BEGIN

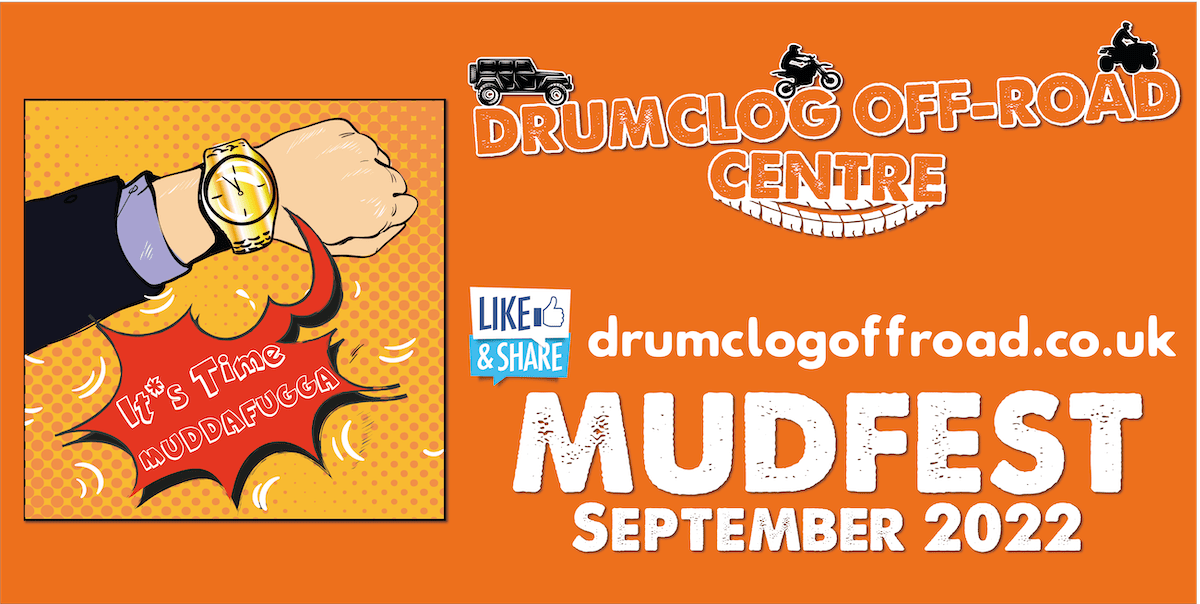 Drumclog Mudfest September 2022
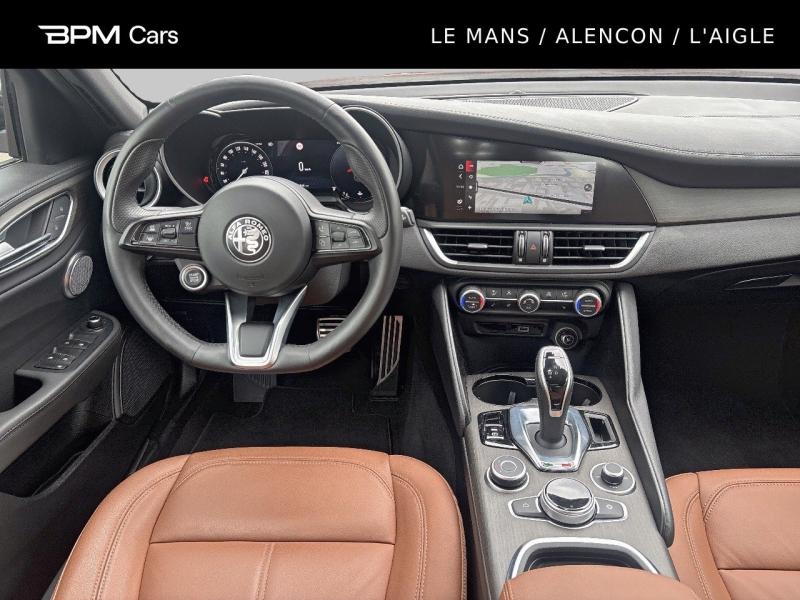 Image ALFA ROMEO Giulia 2.2 Diesel 160ch Tributo Italiano AT8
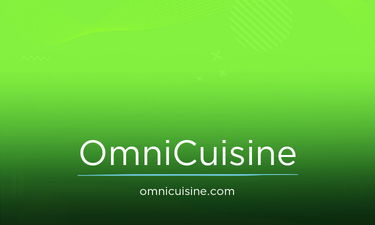 OmniCuisine.com - Creative brandable domain for sale
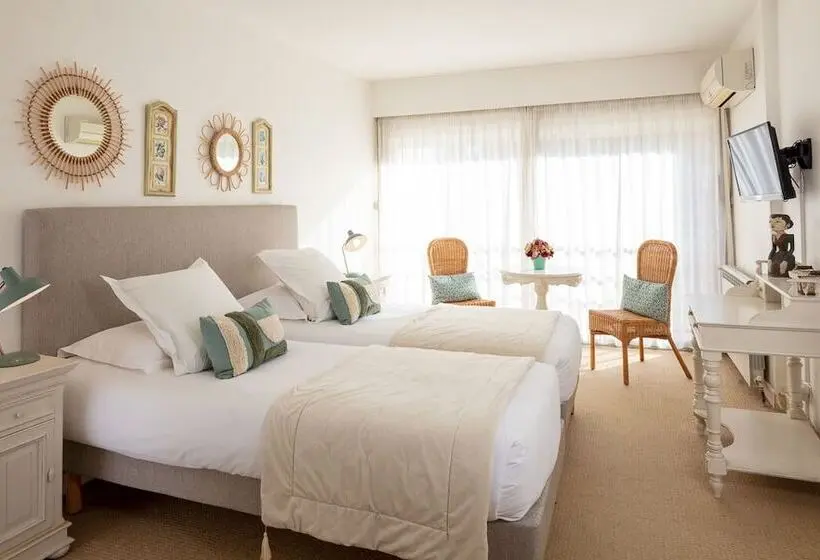 Standard-huone, Hôtel Le Castellan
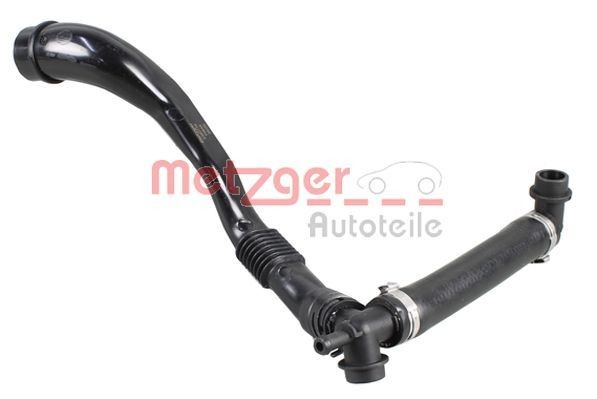 Schlauch ZylinderkopfhaubenentlÜFtung Metzger 2380116 FÜR Audi Seat-image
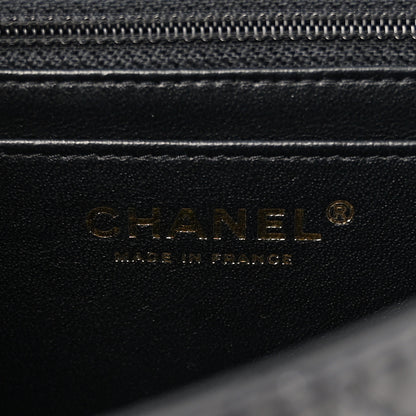 Chanel Aged Calfskin Quilted 2.55 Reissue Mini Flap Black 6 of 12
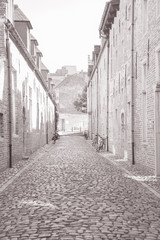 Cobble Stone Street, Groot Begijnhof, Leuven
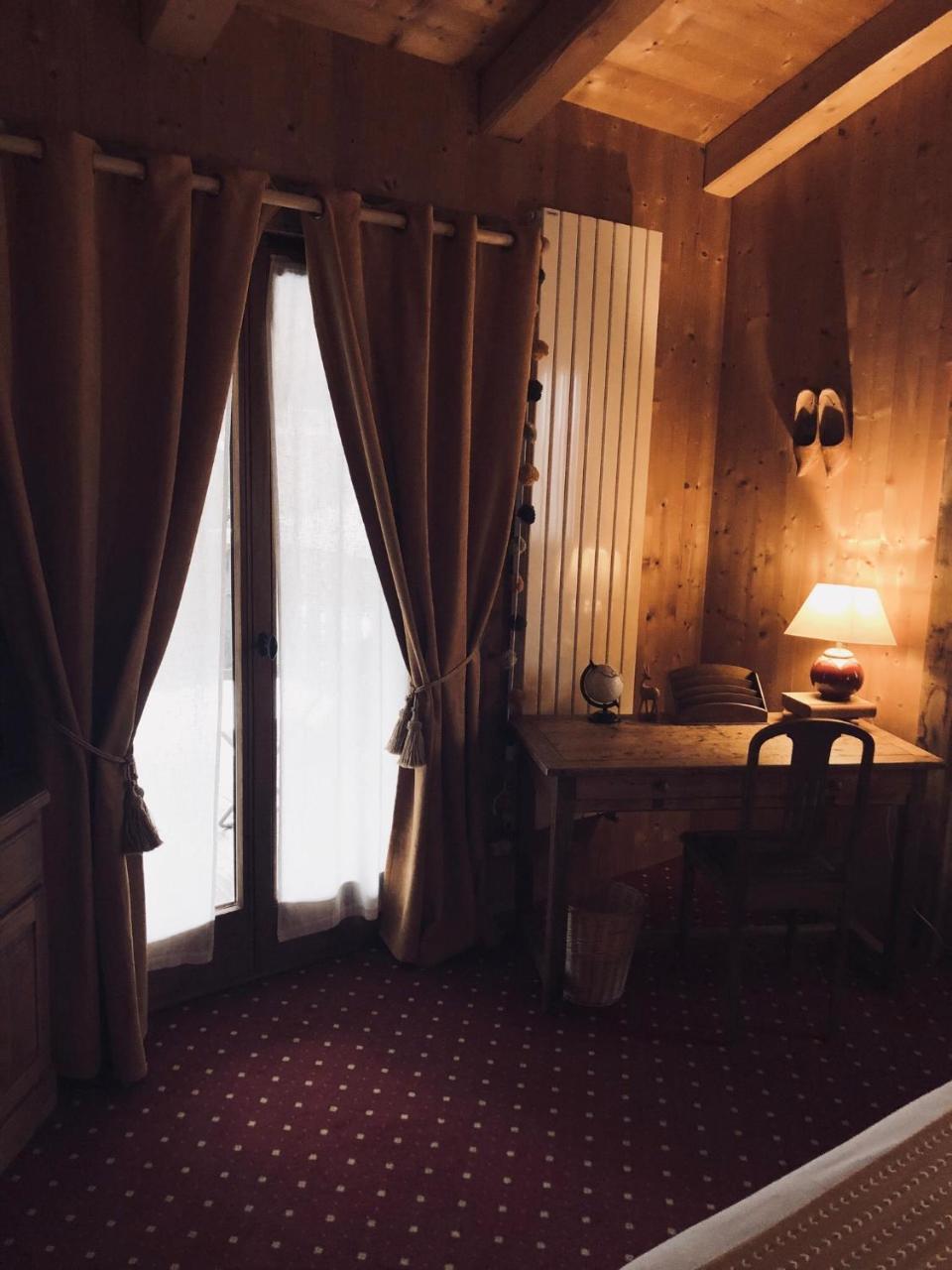 Le Coin Savoyard Hotel Combloux Bagian luar foto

END

§ **Exercise aim**: For this exercise, transcribe exactly only the lines from the one containing "OmniCuisine.com - Creative" through the end of the listing, inclusive, without the pictures.

§ **Result of this task**:
 OmniCuisine.com - Creative brandable domain for sale
 Standard-huone, Hôtel Le Castellan
 Schlauch ZylinderkopfhaubenentlÜFtung Metzger 2380116 FÜR Audi Seat-image
 Chanel Aged Calfskin Quilted 2.55 Reissue Mini Flap Black 6 of 12
 Cobble Stone Street, Groot Begijnhof, Leuven
 Le Coin Savoyard Hotel Combloux Bagian luar foto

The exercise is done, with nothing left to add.